Simple Arrays
If you need to use multiple objects of the same type, you can use an array. An array is a data structure that contains a number of elements of the same type.
Array Declaration
An array is declared by defining the type of the elements inside the array followed by empty brackets and a variable name; for example, an array containing integer elements is declared like this:
int[] myArray;
Array Initialization
After declaring an array, memory must be allocated to hold all the elements of the array. An array is a reference type, so memory on the heap must be allocated. This is done by initializing the variable of the array using the new operator with the type and the number of elements inside the array. Here you specify the size of the array.
| Tip | Value and reference types are covered in Chapter 3, “Objects and Types.” |
myArray = new int[4]; With this declaration and initialization, the variable myArray references four integer values that are allocated on the managed heap (see Figure 5-1).
Figure 5-1
| Important | The array cannot be resized after the size was specified without copying all elements. If you don’t know the number of elements that should be in the array in advance, you can use a collection. Collections are covered in Chapter 10, “Collections.” |
Instead of using a separate line for the declaration and initialization, you can declare and initialize an array in a single line:
int[] myArray = new int[4]; You can also assign values to every array element using an array initializer. Array initializers can only be used while declaring an array variable, not after the array is declared.
int[] myArray = new int[4] {4, 7, 11, 2}; If you initialize the array using curly brackets, the size of the array can also be left out, as the compiler can count the number of elements itself:
int[] myArray = new int[] {4, 7, 11, 2}; There’s even a shorter form using the C# compiler. Using curly brackets you can write the array declaration and initialization. The code generated from the compiler as the same as in the previous example.
int[] myArray = {4, 7, 11, 2};
Accessing Array Elements
After an array is declared and initialized, you can access the array elements using an indexer. Arrays only support indexers that have integer parameters.
| Tip | With custom classes, you can also create indexers that support other types. You can read about creating custom indexers in Chapter 6, “Operators and Casts. |
With the indexer, you pass the element number to access the array. The indexer always starts with a value of 0 for the first element. The highest number you can pass to the indexer is the number of elements minus one, since the index starts at zero. In the following example, the array myArray is declared and initialized with four integer values. The elements can be accessed with indexer values 0, 1, 2 and 3.
int[] myArray = new int[] {4, 7, 11, 2}; int v1 = myArray[0]; // read first element int v2 = myArray[1]; // read second element myArray[3] = 44; // change fourth element | Important | If you use a wrong indexer value where no element exists, an exception of type IndexOutOfRangeException is thrown. |
If you don’t know the number of elements in the array, you can use the Length property that is used in this for statement:
for (int i = 0; i < myArray.Length; i++) { Console.WriteLine(myArray[i]); } Instead of using a for statement to iterate through all elements of the array, you can also use the foreach statement.
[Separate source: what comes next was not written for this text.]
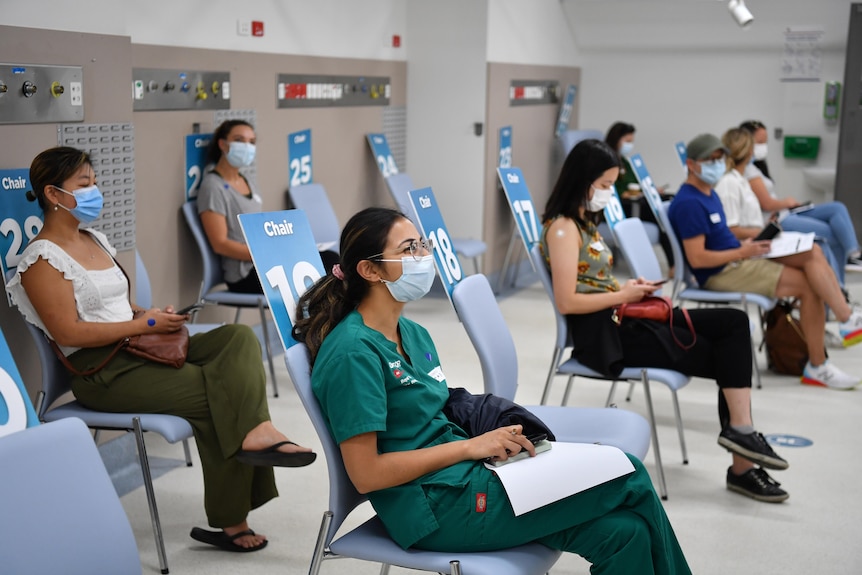 Masked people sit socially distanced.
foreach (int val in myArray) { Console.WriteLine(val); } | Tip | The foreach statement makes use of the IEnumerable and IEnumerator interfaces that are discussed later in this chapter. |
Using Reference Types
You cannot only declare arrays of predefined types; you can also declare arrays of a type of a custom class. Let’s start with this Person class with two constructors, the properties Firstname and Lastname, and an override of the ToString() method:
public class Person { public Person() { } public Person(string firstname, string lastname) { this.firstname = firstname; this.lastname = lastname; } private string firstname; public string Firstname { get { return firstname; } set { firstname = value; } } private string lastname; public string Lastname { get { return lastname; } set { lastname = value; } } public override string ToString() { return firstname + " " + lastname; } } Declaring an array of two Person elements is similar to declaring an array of int:
Person[] myPersons = new Person[2]; However, you must be aware that if the elements in the array are reference types, memory must be allocated for every array element. In case you use an item in the array where no memory was allocated, a NullReferenceException is thrown.
| Tip | Chapter 13, “Errors and Exceptions,” gives you all the information about errors and exceptions. |
You can allocate every element of the array by using an indexer starting from 0:
myPersons[0] = new Person("Ayrton", "Senna"); myPersons[1] = new Person("Michael", "Schumacher"); Figure 5-2 shows the objects in the managed heap with the Person array. myPersons is a variable that is stored on the stack. This variable references an array of Person elements that is stored on the managed heap. This array has enough space for two references. Every item in the array references a Person object that is also stored in the managed heap.
Figure 5-2
As you’ve seen it with the int type, you can also use an array initializer with custom types:
Person[] myPersons = { new Person("Ayrton", "Senna"), new Person("Michael", "Schumacher") };